Michael Atkin Printmaker
etcher - block printer - wood engraver
Etching a method of making prints from a metal plate, usually zinc or copper, into which the design has been incised by acid.
The plate is first coated with an acid-resistant substance, called the etching ground, through which the design is drawn with a sharp tool.
The ground is usually a compound of beeswax, bitumen and resin. The plate is then exposed to nitric acid or dutch mordant, which eats away those areas of the plate unprotected by the ground, forming a pattern of recessed lines.
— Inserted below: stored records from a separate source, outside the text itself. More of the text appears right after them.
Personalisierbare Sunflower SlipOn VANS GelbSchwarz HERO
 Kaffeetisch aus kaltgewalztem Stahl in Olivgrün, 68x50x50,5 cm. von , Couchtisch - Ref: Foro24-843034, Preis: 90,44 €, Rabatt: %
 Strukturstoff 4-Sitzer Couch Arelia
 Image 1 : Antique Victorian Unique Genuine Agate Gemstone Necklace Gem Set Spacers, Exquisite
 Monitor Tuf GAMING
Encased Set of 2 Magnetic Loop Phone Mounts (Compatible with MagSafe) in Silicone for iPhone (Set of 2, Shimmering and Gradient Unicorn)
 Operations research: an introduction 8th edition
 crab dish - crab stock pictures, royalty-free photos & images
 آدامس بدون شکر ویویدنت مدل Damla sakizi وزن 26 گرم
These lines hold the ink. and, when the plate is applied to moist paper, the design transfers to the paper, making a finished print.The practice of making prints from etched metal plates grew out of the custom of etching designs on armour and was adopted by printmakers as an easy way of engraving a process of making prints from metal plates incised with a tool called a burin.
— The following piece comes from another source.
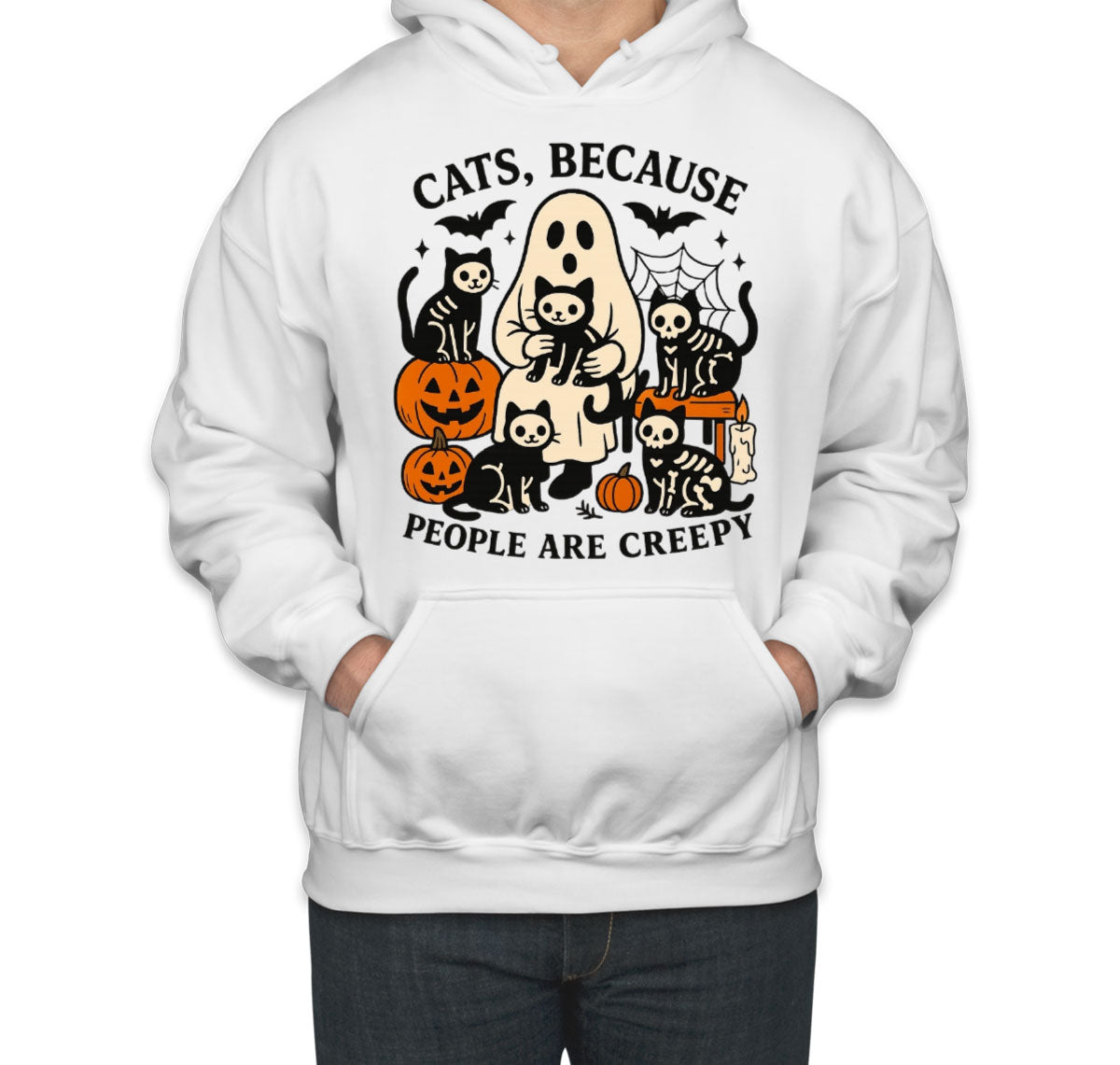 Cats, Because People Are Creepy Unisex Hoodie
The first dated etching was made in 1513 by the Swiss artist Urs Graf who printed from iron plates. The process of etching has remained unchanged since those times, the metals are perhaps more pure and consistent, the acids stronger, the presses are made of metal rather than wood, but principally the method is unchanged. Any artist from the past 600 years who is knowledgeable about etching would feel at home in my workshop.
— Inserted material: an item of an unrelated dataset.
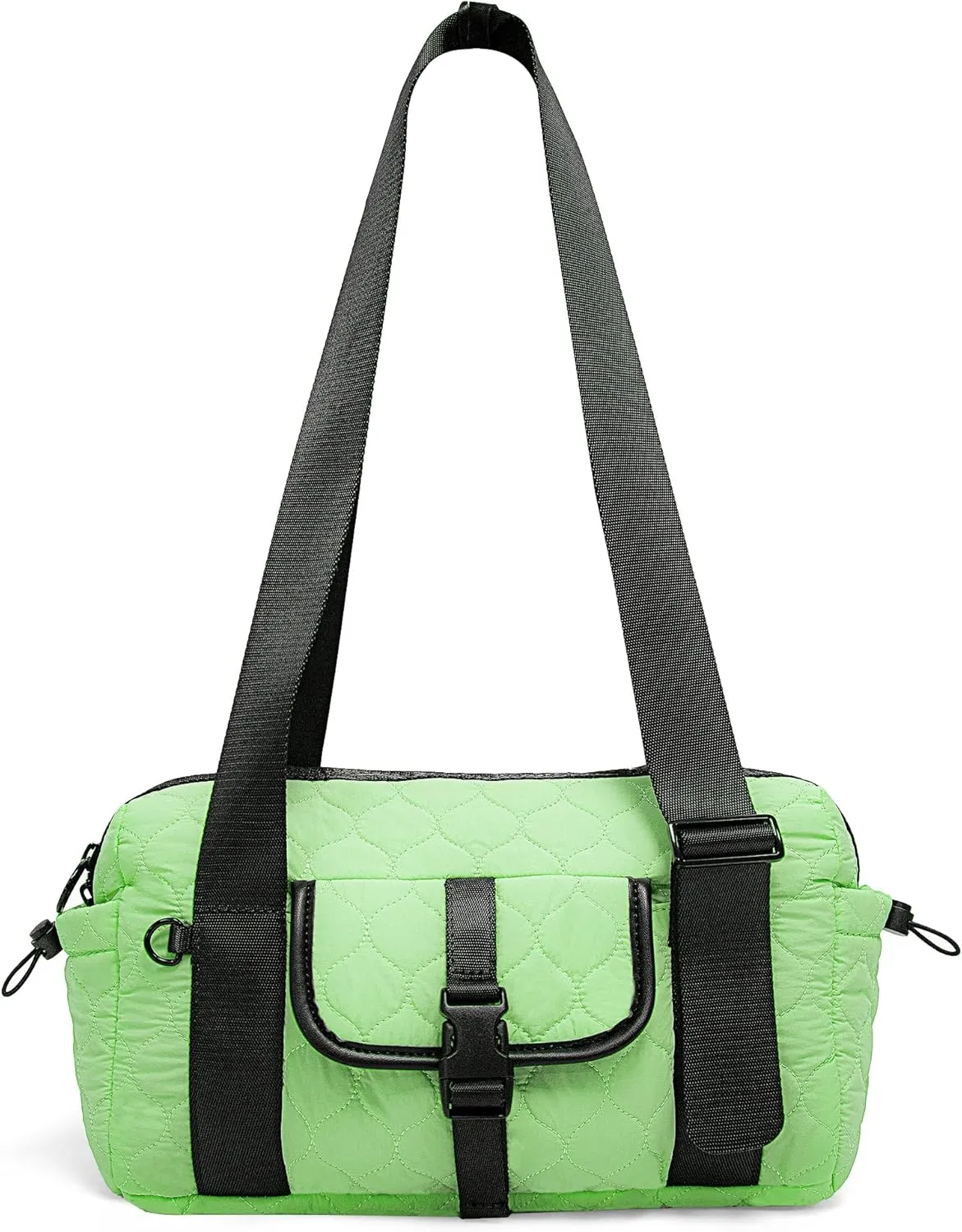 Mini gym bag for Women Waterproof Travel Duffle Bag Tote bag with Wet Compartments Small Workout Sport Bag for Girls (Green)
During the late 18th and early 19th centuries, soft ground etching or vernis mou, became current. This technique involves drawing with a pencil on a sheet of paper placed on a copperplate coated with an extremely soft, sticky ground. The ground adheres to the paper wherever the pencil passes, leaving the metal exposed in broad, soft lines. The plate is exposed to acid and, when printed, yields results similar to pencil or chalk drawings.